How Decisions Are Made
Fundamentally there are four ways that decisions are made. They are:
- Command – A proclamation is made by the leader and everyone ostensibly follows the decision.
- Consult – Ultimately the leader makes the decision as in a Command type decision but in this case the leader surveys for opinions.
- Vote – In this case a vote is taken with the stakeholders (however that is defined) and the results of the vote is the decision – even though not everyone agreed with it.
- Consensus – Discussion or dialogue continues until every stakeholder can defend the decision. This is by far the most difficult approach to reaching a decision.
One could easily conclude that the best answer to how to make decisions is to build consensus, however, this isn’t necessarily the best approach. Anyone who has tried to reach a consensus for where to take a group out to lunch will tell you that sometimes getting consensus just isn’t worth the effort. That’s why we often settle for voting – because getting consensus is to lofty a goal to expect in every situation.

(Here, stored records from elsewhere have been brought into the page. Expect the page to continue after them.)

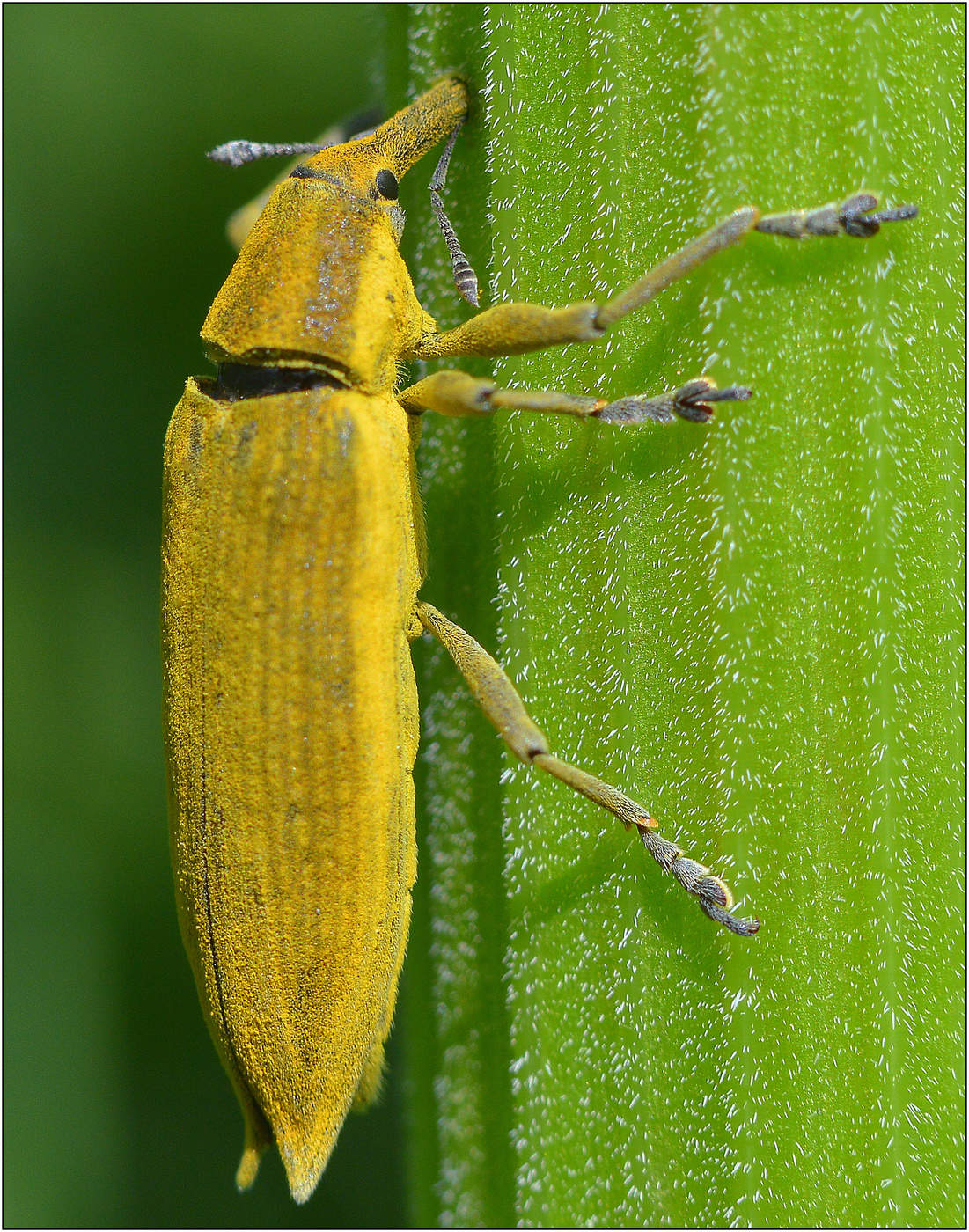 Утренний коктейль.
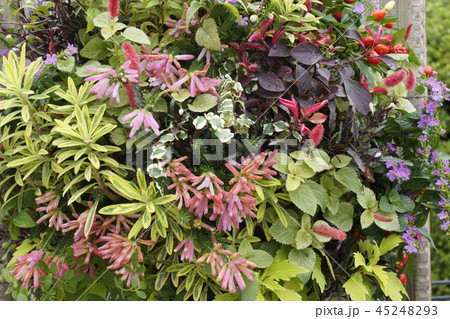 バスケット コンクール 寄せ植え バスケット コンクール 寄せ植え 45248293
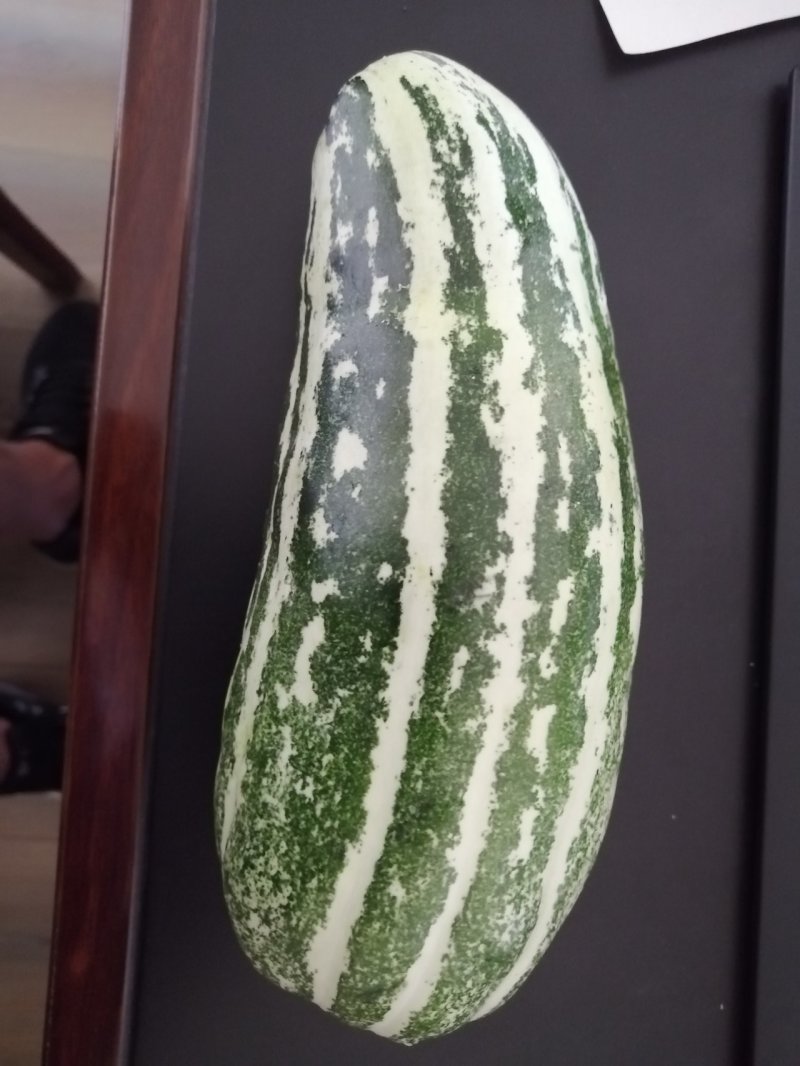 大棚甜瓜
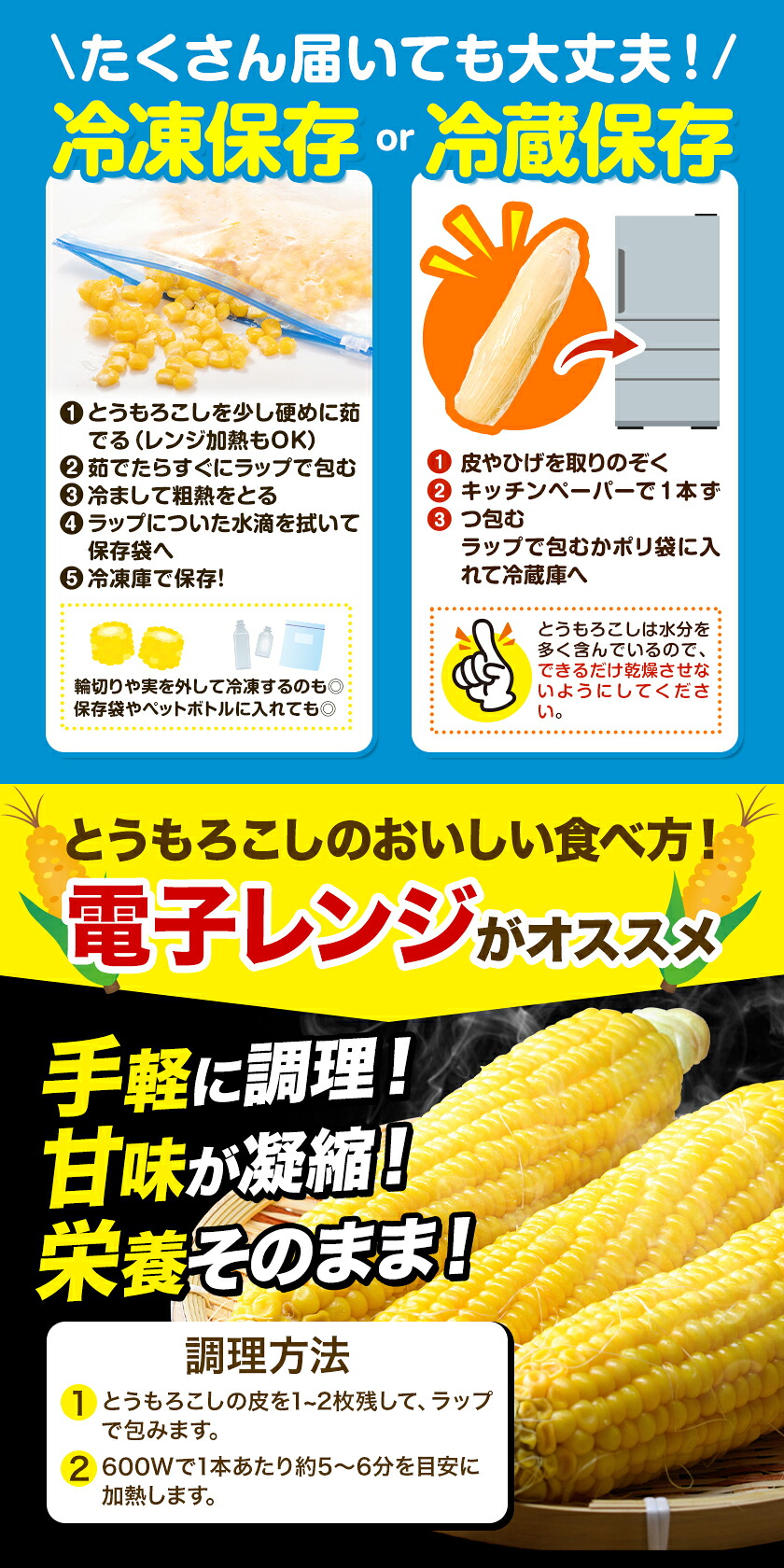 ゴールドラッシュ 名寄市 6本 朝採り フルーツコーン 送料無料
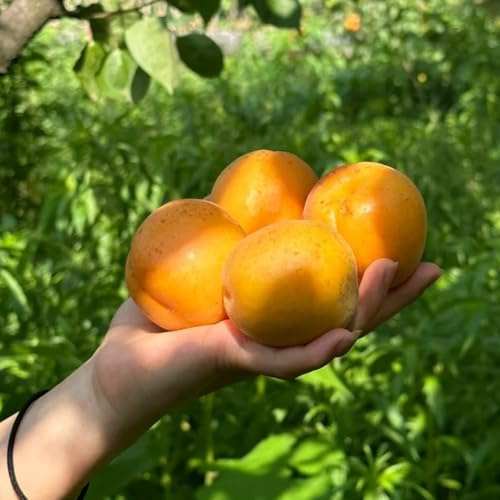 Semillas de albaricoque, Prunus armeniaca, frutales de balcón Comprar semillas de albaricoquero, fresca Comprar un granado balcón 30pcs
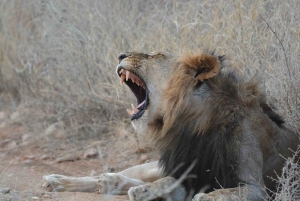 Nairobi: 3-dagers safaritur i Samburu nasjonalreservat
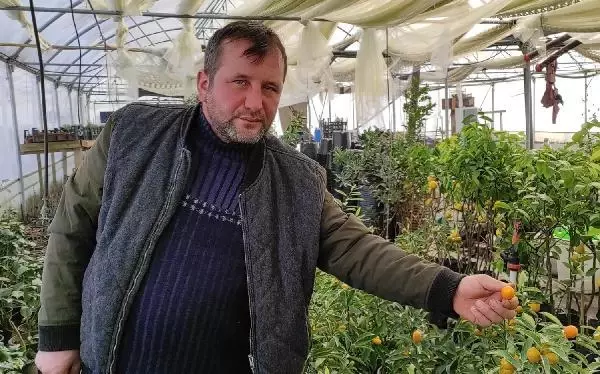 Pandemide kamkat fidesi ilgi gördü Pandemide kamkat fidesi ilgi gördü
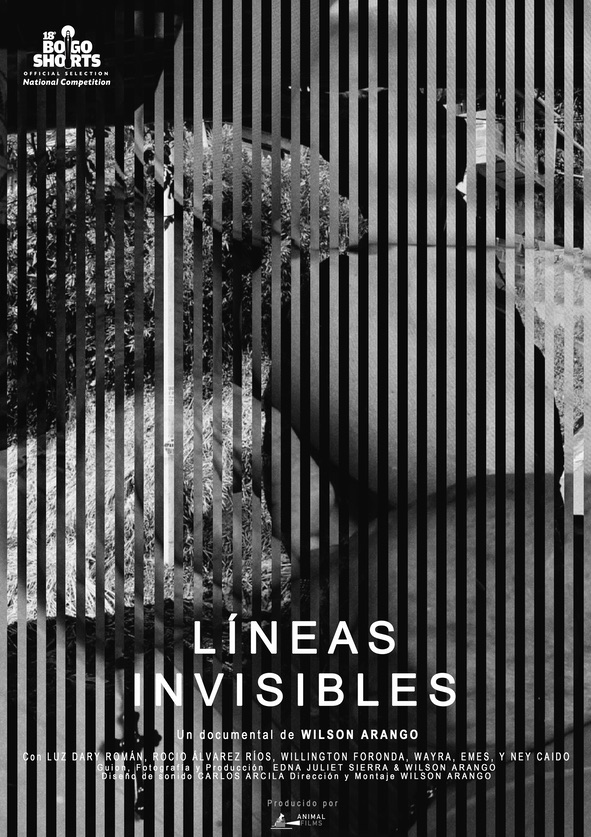 Miniatura afiche Líneas invisibles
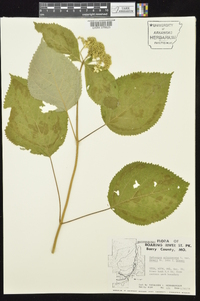 Hydrangea arborescens var. deamii image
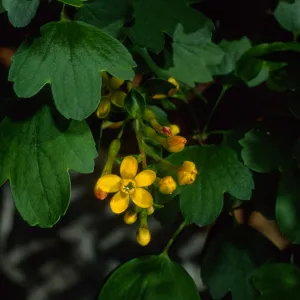 Ribes aureum, SBBG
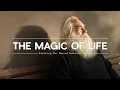 The Unseen Magic Discovering Miracles in Your Everyday Life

The book uses the title conversations but the ultimate goal of conversations is to enter into a dialogue. That is, the goal is to enter into an open and safe conversation that makes allowance for everyone’s perspective, talents, and benefits. You can find more about dialogue in my book review of the book review of Dialogue: The Art of Thinking Together.
Whether you’re willing and able to have dialogues with everyone you meet, there are some useful skills that you can learn by reading Crucial Conversations.